* [Task statement] The answer must be the full listing, repeated word for word.

* [Provided data]
--

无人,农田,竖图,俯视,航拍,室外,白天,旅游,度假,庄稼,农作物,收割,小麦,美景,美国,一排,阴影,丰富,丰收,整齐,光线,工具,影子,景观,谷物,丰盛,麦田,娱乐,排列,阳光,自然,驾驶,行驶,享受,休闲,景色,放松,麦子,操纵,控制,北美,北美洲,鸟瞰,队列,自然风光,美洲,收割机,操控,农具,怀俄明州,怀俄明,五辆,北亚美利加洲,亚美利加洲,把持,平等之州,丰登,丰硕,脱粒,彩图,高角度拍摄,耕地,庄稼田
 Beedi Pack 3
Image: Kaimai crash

--

* [Answer to the exercise]
无人,农田,竖图,俯视,航拍,室外,白天,旅游,度假,庄稼,农作物,收割,小麦,美景,美国,一排,阴影,丰富,丰收,整齐,光线,工具,影子,景观,谷物,丰盛,麦田,娱乐,排列,阳光,自然,驾驶,行驶,享受,休闲,景色,放松,麦子,操纵,控制,北美,北美洲,鸟瞰,队列,自然风光,美洲,收割机,操控,农具,怀俄明州,怀俄明,五辆,北亚美利加洲,亚美利加洲,把持,平等之州,丰登,丰硕,脱粒,彩图,高角度拍摄,耕地,庄稼田
 Beedi Pack 3
Image: Kaimai crash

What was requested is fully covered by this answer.